In the commerce sector, the extension of working hours will be implemented as part of a transition to a new annual leave system. While collective agreements previously specified certain public holidays that reduced working hours, now both full-time and part-time employees will accrue one 7.5-hour day off for every 220 hours worked. This means that you can accrue up to 6.5 days off per year, while the average amount used to be 8.4 days, depending on the days of the week on which public holidays fell.

The new system will benefit those part-time workers who are doing more hours than specified in their employment contracts. Alternatively, it is possible to agree locally to increase the weekly working hours of full-time employees from 37.5 hours to 38 hours, instead of introducing the new annual leave system.

In tourism, restaurant and leisure services, working hours would increase from 111 hours to 112.5 hours over a three-week period for full-time employees. This would not have a bearing on the working hours of part-time workers.
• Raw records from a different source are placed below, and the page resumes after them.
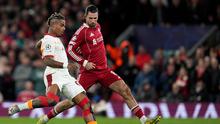 Duel Mario Lemina dan Dominik Szoboszlai dalam laga leg kedua babak 16 besar Liga Champions antara Liverpool vs Galatasaray di Anfield, 19 Maret 2026. (AP Photo/Jon Super)
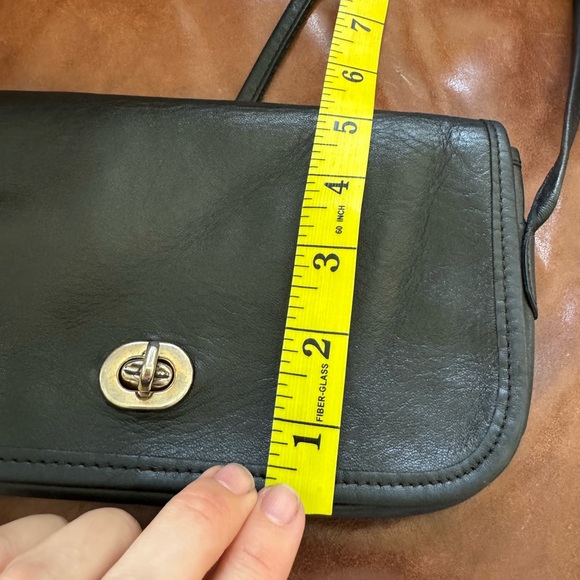 Vintage Black Turn Lock Leather Crossbody Dinky Bag Purse - Picture 13 of 15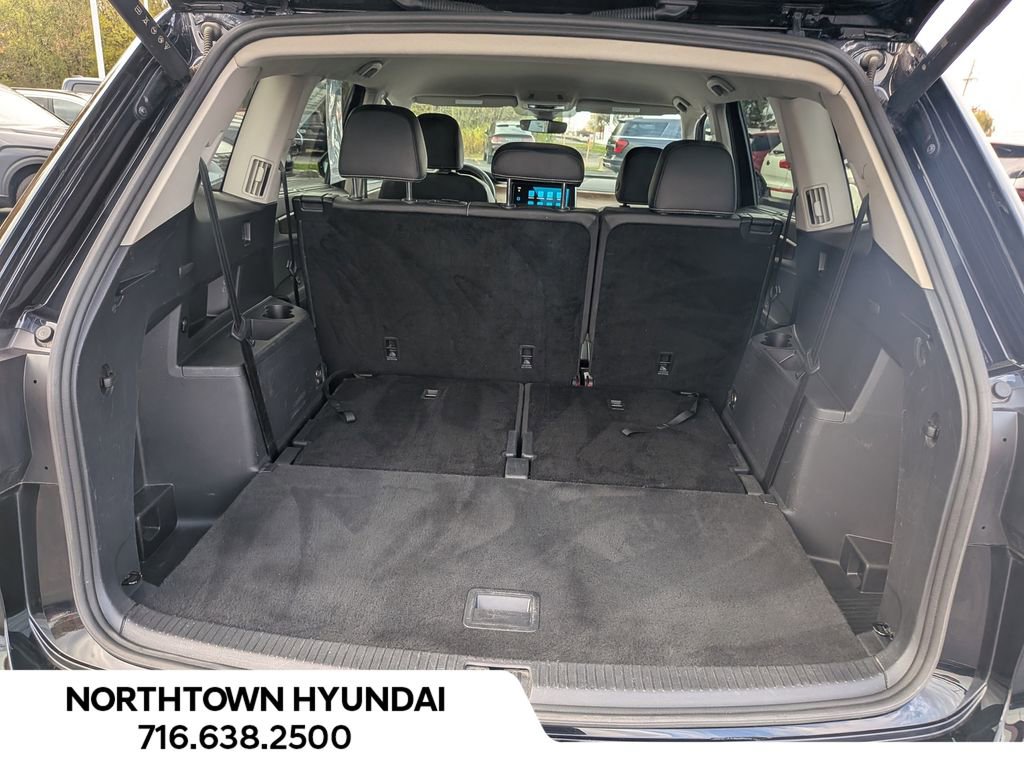 Used 2025 Volkswagen Atlas SE image 35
In addition, the sector would introduce an annual leave system similar to the one in place in the commerce sector, but the maximum number of days off would be 7 days per year. This would also apply to part-time workers.

In facilities services, working hours would primarily be extended as agreed locally at workplaces. If the parties cannot reach an agreement, those working 40-hour weeks would see a reduction in their number of additional days off, while those working 37.5 hours per week would either face an increase to 38 hours, or the extension would be dealt with using training days.
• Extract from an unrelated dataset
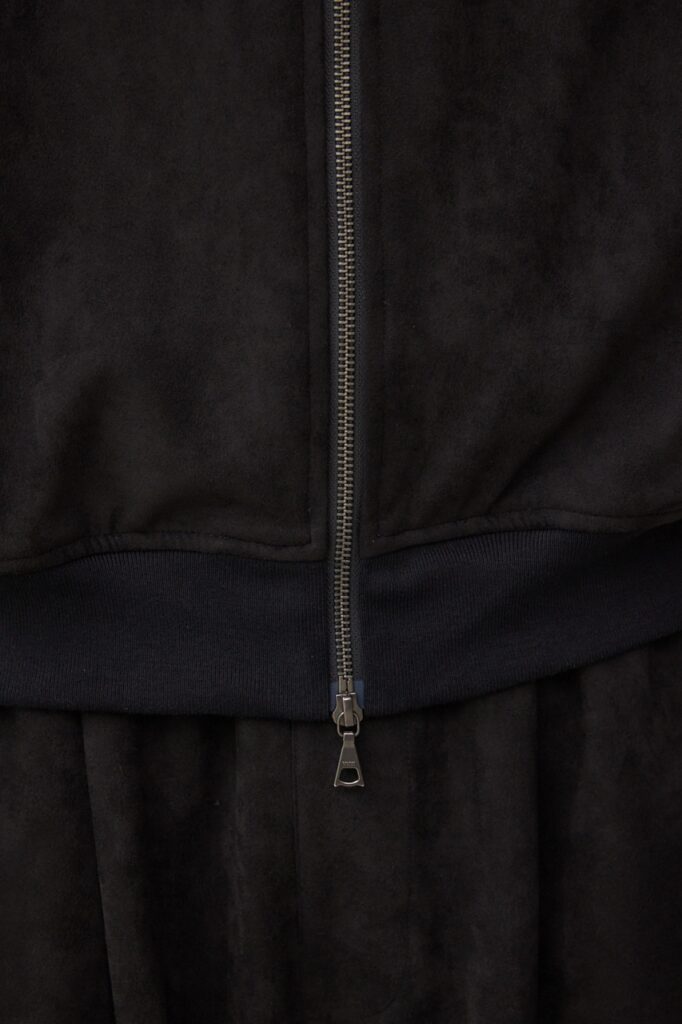 zz-251IAB30-0351_020-12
As it is not possible to increase the number of weekly working hours for those working 40 hours per week, different sectors have come up with alternative solutions.
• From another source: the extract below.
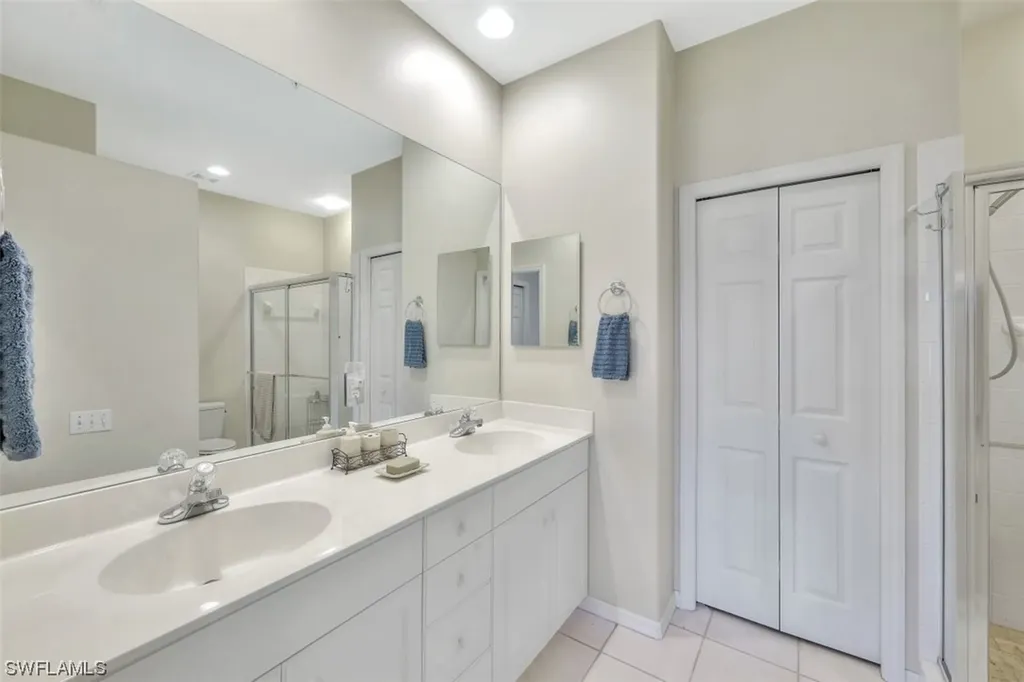 8259 Parkstone Place E Naples FL 34120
In security services, the extension of working hours would also be organised using an annual leave system that would include both public holidays and additional days off. In other sectors with smaller numbers of employees, the matter will either be agreed locally or the working week will become longer at least for full-time employees, depending on the sector concerned.

The competitiveness contract also covers some components that used to be agreed between those labour market federations representing employees and employers. The key point for employees is the fact that the current collective agreements will still be in force for another 12 months beyond the originally agreed dates of expiration without any pay increases.

Employees’ social security contributions will go up

However, the earnings-related pension and unemployment insurance contributions payable by employees will increase, while those paid by employers will decrease accordingly. Pension contributions will increase by 0.2 percentage points in 2017 and 2018 and by another 0.4 points in 2019 and 2020. Employees’ unemployment insurance contributions will, in turn, go up by 0.45 percentage points in 2017 and by another 0.4 points in 2018.

The contributions payable by a person currently earning 1,500 euros per month will increase by about 120 euros in 2017. However, as these payments are partially tax-deductible, the real reduction will amount to 70 euros. The Finnish government has promised that if the contract reaches 85% coverage of employees, taxes will be reduced by a total of 415 million euros next year. At a monthly income of 1,500 euros, this will offset the contribution increases, representing an €18 increase in annual income.

Mandatory labour laws were scrapped

There is no certainty about tax decisions for the following years, but if the notion floated a year ago about tax cuts amounting to one billion euros over the term of the current government holds up, there will be some allowance for reductions in the years to come as well.

The Finnish government promised, as per the competitiveness contract, to do away with additional cuts of 1.5 billion euros in items such as unemployment benefit, which would have gone ahead if the contract had fallen through. Likewise, the package of mandatory labour laws introduced last autumn was scrapped. In addition, the majority of cuts planned for adult education subsidy were cancelled.